Data extracts –
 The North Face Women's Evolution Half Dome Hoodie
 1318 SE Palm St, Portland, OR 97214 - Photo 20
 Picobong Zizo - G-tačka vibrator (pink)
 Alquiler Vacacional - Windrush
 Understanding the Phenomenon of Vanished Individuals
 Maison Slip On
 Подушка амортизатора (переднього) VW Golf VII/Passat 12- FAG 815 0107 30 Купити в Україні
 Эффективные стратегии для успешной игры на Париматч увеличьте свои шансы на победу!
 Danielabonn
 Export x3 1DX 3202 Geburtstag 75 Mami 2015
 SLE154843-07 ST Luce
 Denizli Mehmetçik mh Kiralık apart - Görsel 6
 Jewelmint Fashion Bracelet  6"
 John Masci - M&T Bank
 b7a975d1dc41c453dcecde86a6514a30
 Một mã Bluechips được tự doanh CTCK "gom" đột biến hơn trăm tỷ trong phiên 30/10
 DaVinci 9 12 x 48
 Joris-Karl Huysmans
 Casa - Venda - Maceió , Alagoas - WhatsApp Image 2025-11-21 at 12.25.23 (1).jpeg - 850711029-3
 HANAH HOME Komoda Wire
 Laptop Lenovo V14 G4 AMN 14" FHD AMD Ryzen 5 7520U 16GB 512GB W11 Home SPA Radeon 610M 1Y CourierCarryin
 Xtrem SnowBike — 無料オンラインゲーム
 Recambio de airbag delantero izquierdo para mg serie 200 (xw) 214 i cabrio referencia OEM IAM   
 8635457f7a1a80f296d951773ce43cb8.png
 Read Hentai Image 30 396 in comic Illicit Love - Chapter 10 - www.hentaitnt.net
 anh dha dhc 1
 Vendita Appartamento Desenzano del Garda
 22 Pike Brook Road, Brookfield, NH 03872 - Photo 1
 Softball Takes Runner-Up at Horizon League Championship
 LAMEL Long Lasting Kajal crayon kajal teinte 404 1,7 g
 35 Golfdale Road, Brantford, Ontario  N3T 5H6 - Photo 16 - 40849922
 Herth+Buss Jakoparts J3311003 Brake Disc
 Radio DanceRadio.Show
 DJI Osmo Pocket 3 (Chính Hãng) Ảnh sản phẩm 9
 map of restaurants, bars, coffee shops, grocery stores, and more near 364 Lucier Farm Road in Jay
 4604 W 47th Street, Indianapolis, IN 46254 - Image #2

Instructions for the task – Filter the entries above and return only the lines holding "Road".

Solution for this exercise –
 22 Pike Brook Road, Brookfield, NH 03872 - Photo 1
 35 Golfdale Road, Brantford, Ontario  N3T 5H6 - Photo 16 - 40849922
 map of restaurants, bars, coffee shops, grocery stores, and more near 364 Lucier Farm Road in Jay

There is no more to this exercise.